5 - Un dossier devait passer deux fois devant le comité exécutif avant d'être approuvé. Une première fois pour vérifier que les travaux étaient nécessaires. Un document était alors déposé. Cette étape existait depuis des années, même si la loi ne l'exige pas. Les élus pouvaient demander des précisions ou annuler les travaux. Si le dossier recevait le feu vert, l'appel d'offres était lancé. Actuellement, le comité exécutif ne voit le dossier qu'une fois. «Les élus sont placés devant le fait accompli», a expliqué une source. Il est plus difficile pour eux d'exiger des modifications, car le contrat est quasiment attribué à un entrepreneur. Il ne manque que l'approbation des élus. «On ne fait pas autoriser les contrats au préalable, mais on avertit le comité exécutif, a tenu à préciser Guy Hébert. On dépose des listes d'items qui vont en appel d'offres. On sauve de trois à quatre semaines.»

 
 

Faubourg Contrecoeur:

 Hébert a fait des pressions pour accélérer les paiements à Catania

 
 

Avant d'être nommé directeur général de la Ville, Guy Hébert a été impliqué dans un rude conflit avec plusieurs cadres municipaux, sur qui il exerçait d'énormes pressions afin qu'ils paient les travaux réalisés par Construction Frank Catania ( 06 ) au Faubourg Contrecoeur malgré de nombreuses irrégularités. Aujourd'hui, ceux qui s'étaient opposés à lui ont été mutés.

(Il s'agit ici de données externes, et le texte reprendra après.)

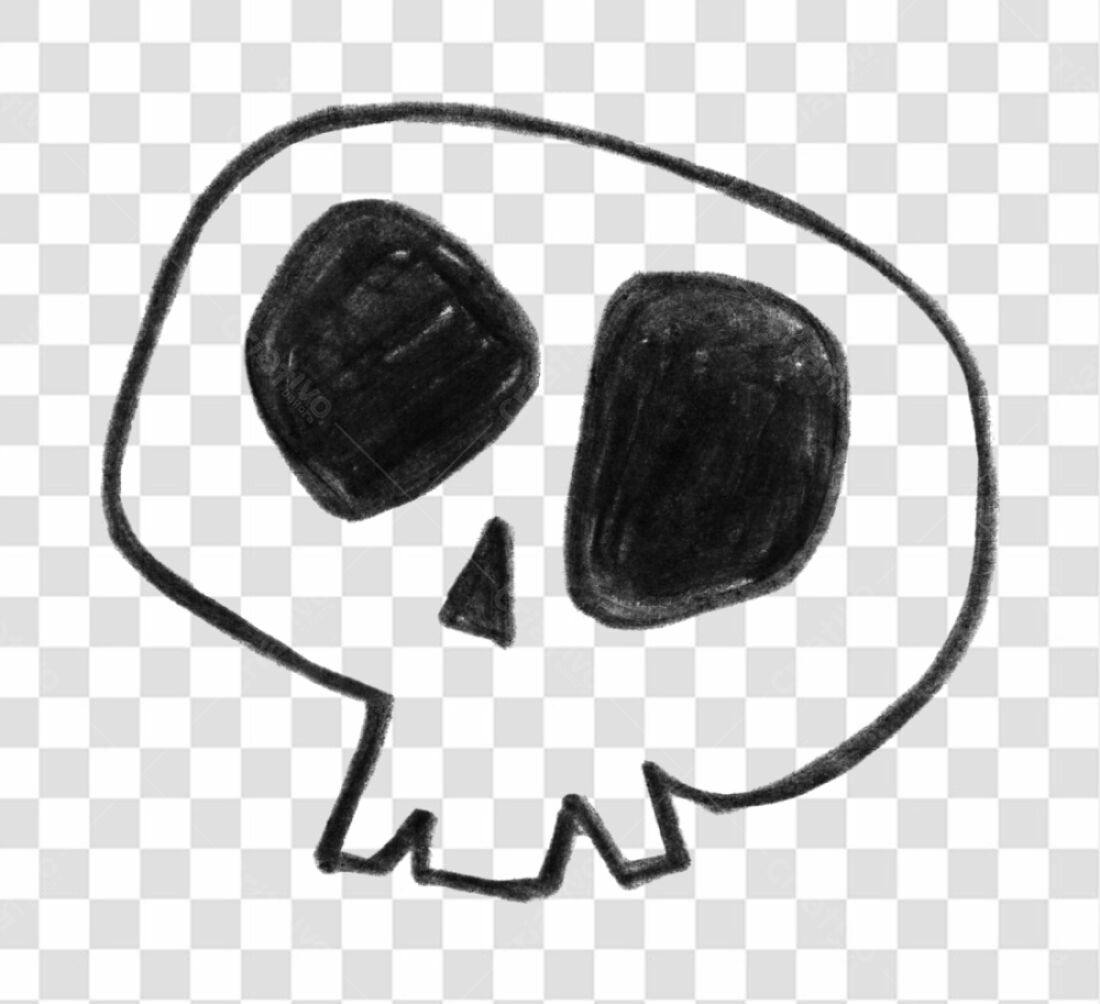 PNG Desenho Caveira para Dia das Bruxas com fundo transparente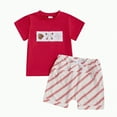 thumbnail image 1 of Baby Boy Outfit Toddler Kids Summer Stripe Printed Short Sleeved Beach 6 12 18 24Months 2T 3T T-shirt with Elastic Waist Shorts Set 2-Piece, 1 of 8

«Tous ceux qui se sont opposés à Guy Hébert dans le Faubourg Contrecoeur ont perdu leur job», résume une source.

En 2008, La Presse a révélé comment la Société d'Habitation de Montréal SHDM avait vendu le terrain du Faubourg Contrecoeur pour une bouchée de pain à Catania, qui devait y bâtir un complexe d'habitation. La SHDM avait consenti une aide financière de 15,8 millions à Catania pour construire les infrastructures (égouts, rues, etc), sans en avoir le droit. Plusieurs personnes sont maintenant accusées au criminel dans cette affaire.

À la rescousse

Gérald Tremblay ( 07 ) a nommé Guy Hébert à la tête de la SHDM à la fin de 2008, dans la foulée du scandale. Hébert a réussi à relancer le projet.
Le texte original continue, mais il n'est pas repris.